Retype the data exactly. Spelling and punctuation stay as they are.

Study material: Begin

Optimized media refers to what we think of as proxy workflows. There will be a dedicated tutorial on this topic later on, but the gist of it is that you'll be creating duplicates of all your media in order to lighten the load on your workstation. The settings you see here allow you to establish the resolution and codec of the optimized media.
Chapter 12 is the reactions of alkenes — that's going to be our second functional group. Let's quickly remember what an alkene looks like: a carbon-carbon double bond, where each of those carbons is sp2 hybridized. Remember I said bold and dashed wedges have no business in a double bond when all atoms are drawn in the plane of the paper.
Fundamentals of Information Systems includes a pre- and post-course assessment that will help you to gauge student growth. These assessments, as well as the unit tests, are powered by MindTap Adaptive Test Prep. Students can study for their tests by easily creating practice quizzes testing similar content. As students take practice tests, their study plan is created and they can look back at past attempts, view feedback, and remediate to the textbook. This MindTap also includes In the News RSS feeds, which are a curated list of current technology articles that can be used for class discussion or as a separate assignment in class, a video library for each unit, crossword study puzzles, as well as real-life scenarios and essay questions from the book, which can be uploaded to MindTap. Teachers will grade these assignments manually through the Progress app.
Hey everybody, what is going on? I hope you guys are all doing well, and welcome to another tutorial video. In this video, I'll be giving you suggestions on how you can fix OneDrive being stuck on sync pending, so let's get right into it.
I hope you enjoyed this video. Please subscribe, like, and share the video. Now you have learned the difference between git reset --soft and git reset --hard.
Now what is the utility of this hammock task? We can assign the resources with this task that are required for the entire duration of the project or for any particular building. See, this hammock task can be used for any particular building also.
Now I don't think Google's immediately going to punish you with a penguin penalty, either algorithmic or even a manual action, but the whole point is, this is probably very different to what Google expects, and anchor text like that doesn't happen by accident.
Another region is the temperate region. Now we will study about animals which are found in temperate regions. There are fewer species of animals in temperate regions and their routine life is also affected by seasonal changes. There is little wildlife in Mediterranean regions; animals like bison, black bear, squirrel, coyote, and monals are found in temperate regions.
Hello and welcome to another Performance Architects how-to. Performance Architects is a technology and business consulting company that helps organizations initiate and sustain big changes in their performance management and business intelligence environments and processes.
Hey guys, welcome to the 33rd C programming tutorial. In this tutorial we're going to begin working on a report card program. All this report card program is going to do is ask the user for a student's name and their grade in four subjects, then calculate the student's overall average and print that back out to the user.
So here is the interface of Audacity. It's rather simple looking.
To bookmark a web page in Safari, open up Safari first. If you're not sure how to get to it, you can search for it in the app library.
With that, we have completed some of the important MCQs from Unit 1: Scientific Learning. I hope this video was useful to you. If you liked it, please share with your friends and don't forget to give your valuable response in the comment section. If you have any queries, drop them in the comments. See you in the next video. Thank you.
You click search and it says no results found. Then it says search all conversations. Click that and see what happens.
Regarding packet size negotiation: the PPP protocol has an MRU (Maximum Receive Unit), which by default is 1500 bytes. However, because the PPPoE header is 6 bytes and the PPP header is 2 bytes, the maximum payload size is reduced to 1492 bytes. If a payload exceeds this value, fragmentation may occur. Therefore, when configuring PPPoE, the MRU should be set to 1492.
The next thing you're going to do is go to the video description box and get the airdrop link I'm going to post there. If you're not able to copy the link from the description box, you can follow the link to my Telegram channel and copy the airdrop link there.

Study material: End

- **Exercise answer**:
Optimized media refers to what we think of as proxy workflows. There will be a dedicated tutorial on this topic later on, but the gist of it is that you'll be creating duplicates of all your media in order to lighten the load on your workstation. The settings you see here allow you to establish the resolution and codec of the optimized media.
Chapter 12 is the reactions of alkenes — that's going to be our second functional group. Let's quickly remember what an alkene looks like: a carbon-carbon double bond, where each of those carbons is sp2 hybridized. Remember I said bold and dashed wedges have no business in a double bond when all atoms are drawn in the plane of the paper.
Fundamentals of Information Systems includes a pre- and post-course assessment that will help you to gauge student growth. These assessments, as well as the unit tests, are powered by MindTap Adaptive Test Prep. Students can study for their tests by easily creating practice quizzes testing similar content. As students take practice tests, their study plan is created and they can look back at past attempts, view feedback, and remediate to the textbook. This MindTap also includes In the News RSS feeds, which are a curated list of current technology articles that can be used for class discussion or as a separate assignment in class, a video library for each unit, crossword study puzzles, as well as real-life scenarios and essay questions from the book, which can be uploaded to MindTap. Teachers will grade these assignments manually through the Progress app.
Hey everybody, what is going on? I hope you guys are all doing well, and welcome to another tutorial video. In this video, I'll be giving you suggestions on how you can fix OneDrive being stuck on sync pending, so let's get right into it.
I hope you enjoyed this video. Please subscribe, like, and share the video. Now you have learned the difference between git reset --soft and git reset --hard.
Now what is the utility of this hammock task? We can assign the resources with this task that are required for the entire duration of the project or for any particular building. See, this hammock task can be used for any particular building also.
Now I don't think Google's immediately going to punish you with a penguin penalty, either algorithmic or even a manual action, but the whole point is, this is probably very different to what Google expects, and anchor text like that doesn't happen by accident.
Another region is the temperate region. Now we will study about animals which are found in temperate regions. There are fewer species of animals in temperate regions and their routine life is also affected by seasonal changes. There is little wildlife in Mediterranean regions; animals like bison, black bear, squirrel, coyote, and monals are found in temperate regions.
Hello and welcome to another Performance Architects how-to. Performance Architects is a technology and business consulting company that helps organizations initiate and sustain big changes in their performance management and business intelligence environments and processes.
Hey guys, welcome to the 33rd C programming tutorial. In this tutorial we're going to begin working on a report card program. All this report card program is going to do is ask the user for a student's name and their grade in four subjects, then calculate the student's overall average and print that back out to the user.
So here is the interface of Audacity. It's rather simple looking.
To bookmark a web page in Safari, open up Safari first. If you're not sure how to get to it, you can search for it in the app library.
With that, we have completed some of the important MCQs from Unit 1: Scientific Learning. I hope this video was useful to you. If you liked it, please share with your friends and don't forget to give your valuable response in the comment section. If you have any queries, drop them in the comments. See you in the next video. Thank you.
You click search and it says no results found. Then it says search all conversations. Click that and see what happens.
Regarding packet size negotiation: the PPP protocol has an MRU (Maximum Receive Unit), which by default is 1500 bytes. However, because the PPPoE header is 6 bytes and the PPP header is 2 bytes, the maximum payload size is reduced to 1492 bytes. If a payload exceeds this value, fragmentation may occur. Therefore, when configuring PPPoE, the MRU should be set to 1492.
The next thing you're going to do is go to the video description box and get the airdrop link I'm going to post there. If you're not able to copy the link from the description box, you can follow the link to my Telegram channel and copy the airdrop link there.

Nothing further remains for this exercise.